The breaking point will be reached far short of the potential 200,000 arrivals, but the naked hypocrisy of our elite could have very well have vaporised the surplus housing stock of the entire nation at a time it is needed most.
The plan of action to the crisis was outlined in the initial weeks, with robust moves to seconde various parts of the country’s hotel infrastructure as well as vacant public spaces to cope with the new arrivals. As of the time of writing, it has been reported that under-the-table negotiations are occurring with various hoteliers and property management companies nationwide.
Ukranians arriving into Dublin Airport are asked initially to report to the notoriously understaffed Immigration Control, with a special reception point already erected on site.
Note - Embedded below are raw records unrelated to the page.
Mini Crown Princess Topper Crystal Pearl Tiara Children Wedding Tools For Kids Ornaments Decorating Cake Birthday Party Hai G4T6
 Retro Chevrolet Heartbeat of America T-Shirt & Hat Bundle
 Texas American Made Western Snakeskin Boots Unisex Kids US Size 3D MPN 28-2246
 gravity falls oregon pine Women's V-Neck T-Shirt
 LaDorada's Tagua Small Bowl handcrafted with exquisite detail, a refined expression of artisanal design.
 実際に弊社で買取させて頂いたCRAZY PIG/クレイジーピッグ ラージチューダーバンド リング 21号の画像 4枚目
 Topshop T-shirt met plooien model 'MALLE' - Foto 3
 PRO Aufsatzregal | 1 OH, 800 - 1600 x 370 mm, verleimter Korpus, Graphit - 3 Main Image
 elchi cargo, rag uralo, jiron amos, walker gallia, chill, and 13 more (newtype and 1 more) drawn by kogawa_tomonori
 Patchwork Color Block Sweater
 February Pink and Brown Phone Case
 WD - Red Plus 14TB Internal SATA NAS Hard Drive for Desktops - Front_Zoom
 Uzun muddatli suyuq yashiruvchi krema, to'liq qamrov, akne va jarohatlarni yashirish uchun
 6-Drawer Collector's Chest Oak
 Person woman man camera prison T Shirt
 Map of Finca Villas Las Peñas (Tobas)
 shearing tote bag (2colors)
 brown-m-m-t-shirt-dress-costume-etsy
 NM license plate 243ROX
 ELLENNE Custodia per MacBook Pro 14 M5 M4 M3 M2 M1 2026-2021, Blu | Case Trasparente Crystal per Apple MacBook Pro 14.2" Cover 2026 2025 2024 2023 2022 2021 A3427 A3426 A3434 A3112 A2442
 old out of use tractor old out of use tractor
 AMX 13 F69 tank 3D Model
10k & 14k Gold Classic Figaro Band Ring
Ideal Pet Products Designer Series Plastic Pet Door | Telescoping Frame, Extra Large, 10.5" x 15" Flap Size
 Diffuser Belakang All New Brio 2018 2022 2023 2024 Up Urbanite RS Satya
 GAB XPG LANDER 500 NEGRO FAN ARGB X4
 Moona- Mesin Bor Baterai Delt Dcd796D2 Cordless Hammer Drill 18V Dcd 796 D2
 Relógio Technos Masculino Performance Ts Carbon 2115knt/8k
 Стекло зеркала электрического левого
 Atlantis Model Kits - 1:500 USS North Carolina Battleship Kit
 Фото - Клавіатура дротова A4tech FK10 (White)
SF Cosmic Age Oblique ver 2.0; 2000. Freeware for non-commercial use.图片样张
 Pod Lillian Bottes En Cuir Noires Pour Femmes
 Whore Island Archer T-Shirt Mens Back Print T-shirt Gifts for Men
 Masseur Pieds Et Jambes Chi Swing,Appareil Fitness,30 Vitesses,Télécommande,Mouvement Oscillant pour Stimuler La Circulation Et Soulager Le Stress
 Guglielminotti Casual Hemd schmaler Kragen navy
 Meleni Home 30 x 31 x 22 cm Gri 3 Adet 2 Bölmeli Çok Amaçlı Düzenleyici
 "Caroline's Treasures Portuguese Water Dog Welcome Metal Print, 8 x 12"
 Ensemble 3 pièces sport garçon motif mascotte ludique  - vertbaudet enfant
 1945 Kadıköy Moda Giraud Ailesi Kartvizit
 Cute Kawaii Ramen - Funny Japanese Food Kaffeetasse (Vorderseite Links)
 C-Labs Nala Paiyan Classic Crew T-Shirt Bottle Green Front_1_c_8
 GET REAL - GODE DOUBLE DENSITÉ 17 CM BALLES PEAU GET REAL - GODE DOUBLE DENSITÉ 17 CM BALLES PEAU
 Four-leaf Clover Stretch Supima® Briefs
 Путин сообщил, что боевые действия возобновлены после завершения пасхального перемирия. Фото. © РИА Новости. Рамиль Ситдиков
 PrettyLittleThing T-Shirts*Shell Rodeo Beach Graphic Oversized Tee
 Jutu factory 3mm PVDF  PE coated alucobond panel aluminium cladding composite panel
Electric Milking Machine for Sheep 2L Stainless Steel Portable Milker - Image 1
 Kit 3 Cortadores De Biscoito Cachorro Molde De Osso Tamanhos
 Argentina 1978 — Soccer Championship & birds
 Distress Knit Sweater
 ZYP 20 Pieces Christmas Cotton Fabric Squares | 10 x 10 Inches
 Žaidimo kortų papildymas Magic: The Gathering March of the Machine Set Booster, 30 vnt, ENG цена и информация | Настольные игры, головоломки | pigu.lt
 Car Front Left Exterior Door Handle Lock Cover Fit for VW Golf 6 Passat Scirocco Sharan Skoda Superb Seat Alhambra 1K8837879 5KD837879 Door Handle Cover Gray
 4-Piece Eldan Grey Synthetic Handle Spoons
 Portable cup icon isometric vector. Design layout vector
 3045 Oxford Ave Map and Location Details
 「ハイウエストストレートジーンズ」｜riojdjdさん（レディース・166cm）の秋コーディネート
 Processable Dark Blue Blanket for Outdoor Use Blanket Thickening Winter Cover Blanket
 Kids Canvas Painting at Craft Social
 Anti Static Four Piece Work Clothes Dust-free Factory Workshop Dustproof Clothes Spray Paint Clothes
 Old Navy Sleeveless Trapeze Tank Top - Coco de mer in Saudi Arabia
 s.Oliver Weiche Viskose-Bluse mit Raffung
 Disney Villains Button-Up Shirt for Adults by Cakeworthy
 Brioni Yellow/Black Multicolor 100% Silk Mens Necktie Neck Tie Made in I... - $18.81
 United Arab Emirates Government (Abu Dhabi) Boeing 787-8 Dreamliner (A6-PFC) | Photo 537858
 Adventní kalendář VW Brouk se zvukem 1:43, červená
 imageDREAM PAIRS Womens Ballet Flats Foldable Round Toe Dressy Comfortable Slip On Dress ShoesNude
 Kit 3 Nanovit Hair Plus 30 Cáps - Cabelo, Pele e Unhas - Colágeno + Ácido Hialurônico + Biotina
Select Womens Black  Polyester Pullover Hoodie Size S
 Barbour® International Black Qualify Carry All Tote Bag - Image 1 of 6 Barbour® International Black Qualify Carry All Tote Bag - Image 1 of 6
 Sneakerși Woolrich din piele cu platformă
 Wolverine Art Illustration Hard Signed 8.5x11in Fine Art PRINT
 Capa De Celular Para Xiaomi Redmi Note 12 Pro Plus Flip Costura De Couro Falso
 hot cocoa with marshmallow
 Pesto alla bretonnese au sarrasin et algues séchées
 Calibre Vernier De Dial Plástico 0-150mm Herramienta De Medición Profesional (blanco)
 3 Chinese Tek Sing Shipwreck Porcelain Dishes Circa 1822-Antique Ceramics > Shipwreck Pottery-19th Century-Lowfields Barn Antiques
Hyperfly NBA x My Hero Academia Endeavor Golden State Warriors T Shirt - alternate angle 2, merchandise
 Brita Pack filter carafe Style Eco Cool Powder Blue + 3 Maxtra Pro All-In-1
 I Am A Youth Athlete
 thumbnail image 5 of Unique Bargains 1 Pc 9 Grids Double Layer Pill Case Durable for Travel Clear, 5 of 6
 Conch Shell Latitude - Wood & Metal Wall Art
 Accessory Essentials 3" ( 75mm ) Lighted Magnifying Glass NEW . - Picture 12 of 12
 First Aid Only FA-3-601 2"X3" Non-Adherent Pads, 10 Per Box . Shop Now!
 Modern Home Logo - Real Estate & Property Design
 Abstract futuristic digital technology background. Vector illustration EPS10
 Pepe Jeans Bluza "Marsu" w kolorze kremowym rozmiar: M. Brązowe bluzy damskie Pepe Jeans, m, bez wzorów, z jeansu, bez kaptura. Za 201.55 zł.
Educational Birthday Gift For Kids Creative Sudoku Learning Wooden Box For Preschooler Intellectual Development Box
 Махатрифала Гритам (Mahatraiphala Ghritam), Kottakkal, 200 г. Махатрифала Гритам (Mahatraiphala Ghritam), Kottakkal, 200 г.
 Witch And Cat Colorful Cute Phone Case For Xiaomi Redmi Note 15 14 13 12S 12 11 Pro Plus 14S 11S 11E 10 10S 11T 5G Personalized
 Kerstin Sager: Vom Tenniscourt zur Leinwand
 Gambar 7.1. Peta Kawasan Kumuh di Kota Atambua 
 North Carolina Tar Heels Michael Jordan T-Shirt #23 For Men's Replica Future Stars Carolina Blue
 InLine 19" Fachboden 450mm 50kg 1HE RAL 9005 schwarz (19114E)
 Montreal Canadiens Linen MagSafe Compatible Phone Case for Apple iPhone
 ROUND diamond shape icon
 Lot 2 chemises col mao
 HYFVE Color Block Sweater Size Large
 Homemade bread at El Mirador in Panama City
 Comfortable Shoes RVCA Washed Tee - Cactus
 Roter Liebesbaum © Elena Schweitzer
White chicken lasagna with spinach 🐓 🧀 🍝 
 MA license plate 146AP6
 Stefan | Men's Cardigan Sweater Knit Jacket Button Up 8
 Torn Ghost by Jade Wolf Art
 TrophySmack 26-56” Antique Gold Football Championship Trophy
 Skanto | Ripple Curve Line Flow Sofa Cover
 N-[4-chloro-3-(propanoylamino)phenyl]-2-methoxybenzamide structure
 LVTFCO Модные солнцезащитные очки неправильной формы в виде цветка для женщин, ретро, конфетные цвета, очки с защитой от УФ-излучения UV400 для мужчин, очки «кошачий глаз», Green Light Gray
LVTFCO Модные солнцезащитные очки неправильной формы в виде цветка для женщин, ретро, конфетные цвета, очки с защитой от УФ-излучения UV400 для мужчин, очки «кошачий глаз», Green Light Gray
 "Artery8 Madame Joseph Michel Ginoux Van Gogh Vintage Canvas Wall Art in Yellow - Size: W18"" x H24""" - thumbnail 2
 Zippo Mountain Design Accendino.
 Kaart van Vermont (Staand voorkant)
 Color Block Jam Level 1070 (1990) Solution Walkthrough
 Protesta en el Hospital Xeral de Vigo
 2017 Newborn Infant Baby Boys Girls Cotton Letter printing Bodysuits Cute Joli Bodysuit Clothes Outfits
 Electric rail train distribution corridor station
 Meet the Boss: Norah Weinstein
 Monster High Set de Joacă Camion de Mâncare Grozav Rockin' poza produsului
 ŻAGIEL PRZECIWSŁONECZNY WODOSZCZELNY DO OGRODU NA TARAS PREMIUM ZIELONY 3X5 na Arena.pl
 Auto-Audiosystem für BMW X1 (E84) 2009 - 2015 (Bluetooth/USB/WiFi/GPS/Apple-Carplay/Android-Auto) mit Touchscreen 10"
After this, arrivals are granted a year’s residency from the Department of Justice, with the Department of Children managing accommodation needs for those in need.
Due to EU provisions it is not necessary for Ukranians to apply for international protection formally, with the new arrangement allowing immediate access to the welfare state and labour market.
Engendering certain cynicism from both sides of the ideological aisle due to the relative inertia to the decades-long housing crisis, the reaction has already hit a few snags regarding the sourcing of accommodation. The State is already seeking the fast-tracking of construction for purpose-built housing alongside the retrofitting of such sites as Defence Force’s land at Gormanstown and Citywest.
The thorny issue of asylum has been left in the hands of O’Gorman’s Department of Children, with some legacy functions being handled by the Department of Justice. Sources have reported that amidst the influx there has been some harsh words between various government officials, with each not wanting to be left holding the can on asylum as numbers keep climbing.
The Department of Social Protection has given up the usual validation process of checking for the correct criteria, and have seemingly begun to hand out PPSNs without any checks. Although they retained their trademarked incompetence, with reports of Ukrainian families having to travel back and forth to Dublin Airport due to improper registration procedures.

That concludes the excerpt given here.